College or Career?
Give your Students the Opportunity to Choose Both.
The Advanced Career (AC) program is part of the High Schools That Work Initiative, supported by the Southern Regional Education Board (SREB). AC fuses a rigorous and relevant blend of technical and academic skills in authentic projects. These courses give students a greater depth of knowledge and skills — and prepare them for more options after they graduate.
Aerospace Engineering - Students in this curriculum will explore how to design, build, test and analyze the forces and physical properties of planes, rockets and unmanned vehicles. Through project-based learning, students will explore the future of aerospace and learn to apply those habits of behavior and mind unique to the field.
Automated Materials Joining Technology will appeal to students who want to focus on joining and forming technologies, materials science, computer-aided design and automated systems — key facets of advanced manufacturing — while applying math and science knowledge to design and produce products.
Bridging the Gap – Students become civil engineers as they design a new bike path bridge to cross a stream that accommodates two bicycle lanes and emergency vehicles. Students explore types of bridges, static forces and scale factors in drawing and model-building.
Students design a commemorative coin for the U.S. Mint that highlights a social or historical event. Students use rapid prototyping to test their designs and explore how density, mass, and volume can help to determine the dimensions of their designs.

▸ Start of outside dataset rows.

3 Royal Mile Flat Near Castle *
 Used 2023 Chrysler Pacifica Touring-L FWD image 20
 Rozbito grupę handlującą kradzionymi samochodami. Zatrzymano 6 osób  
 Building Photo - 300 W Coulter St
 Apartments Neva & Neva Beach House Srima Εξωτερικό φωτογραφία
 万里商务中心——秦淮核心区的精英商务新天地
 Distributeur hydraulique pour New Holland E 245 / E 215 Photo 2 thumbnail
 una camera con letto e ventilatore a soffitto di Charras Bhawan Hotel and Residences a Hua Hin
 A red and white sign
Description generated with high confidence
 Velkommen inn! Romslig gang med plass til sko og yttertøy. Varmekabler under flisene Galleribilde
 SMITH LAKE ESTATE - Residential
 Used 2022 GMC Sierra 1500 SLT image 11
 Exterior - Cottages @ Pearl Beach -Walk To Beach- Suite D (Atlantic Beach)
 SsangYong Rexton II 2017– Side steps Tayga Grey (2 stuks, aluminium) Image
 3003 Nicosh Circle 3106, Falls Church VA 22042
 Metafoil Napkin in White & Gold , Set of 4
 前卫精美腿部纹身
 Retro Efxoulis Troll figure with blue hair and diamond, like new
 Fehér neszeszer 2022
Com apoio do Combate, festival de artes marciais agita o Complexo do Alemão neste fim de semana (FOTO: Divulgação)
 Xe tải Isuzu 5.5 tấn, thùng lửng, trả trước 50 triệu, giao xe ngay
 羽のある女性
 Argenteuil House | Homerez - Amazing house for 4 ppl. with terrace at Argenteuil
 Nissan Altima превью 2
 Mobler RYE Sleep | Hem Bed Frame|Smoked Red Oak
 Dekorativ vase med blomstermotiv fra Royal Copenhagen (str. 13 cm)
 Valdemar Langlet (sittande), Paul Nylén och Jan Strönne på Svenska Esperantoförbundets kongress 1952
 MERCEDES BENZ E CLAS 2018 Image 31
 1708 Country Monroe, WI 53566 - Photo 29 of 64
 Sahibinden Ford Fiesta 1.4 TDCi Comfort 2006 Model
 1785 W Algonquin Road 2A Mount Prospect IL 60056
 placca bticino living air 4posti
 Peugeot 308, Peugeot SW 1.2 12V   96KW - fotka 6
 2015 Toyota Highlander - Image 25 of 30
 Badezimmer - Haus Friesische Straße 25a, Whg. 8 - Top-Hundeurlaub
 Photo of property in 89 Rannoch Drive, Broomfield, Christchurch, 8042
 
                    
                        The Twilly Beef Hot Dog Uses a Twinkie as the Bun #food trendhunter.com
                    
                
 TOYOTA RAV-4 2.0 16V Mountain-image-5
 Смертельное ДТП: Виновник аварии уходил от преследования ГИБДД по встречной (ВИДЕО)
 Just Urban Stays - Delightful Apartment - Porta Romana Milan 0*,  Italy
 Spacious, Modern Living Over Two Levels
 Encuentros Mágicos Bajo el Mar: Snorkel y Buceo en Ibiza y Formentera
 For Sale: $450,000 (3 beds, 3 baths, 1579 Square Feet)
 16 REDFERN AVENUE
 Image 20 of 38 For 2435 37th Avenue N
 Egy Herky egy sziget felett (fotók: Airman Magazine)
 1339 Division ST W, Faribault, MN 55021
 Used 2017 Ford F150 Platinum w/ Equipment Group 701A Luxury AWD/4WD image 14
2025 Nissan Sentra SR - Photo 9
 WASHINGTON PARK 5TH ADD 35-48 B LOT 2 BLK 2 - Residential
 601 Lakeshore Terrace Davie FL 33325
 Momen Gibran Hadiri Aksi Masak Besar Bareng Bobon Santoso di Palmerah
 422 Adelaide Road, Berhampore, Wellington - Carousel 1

Students become Center for Disease Control investigators researching a suspected disease outbreak. Students develop a disease containment plan by exploring existing containment procedures, mathematical growth models and testing procedures.
Students become packaging designers as they reverse engineer existing package designs to use flatstock material and be more environmentally friendly. Students explore material properties, volume, surface area and mathematical nets.
Students become research company workers as they develop improved blades for wind turbines used in different geographic areas. Students explore drag and lift as they design their blades and experiment with independent and dependent variables.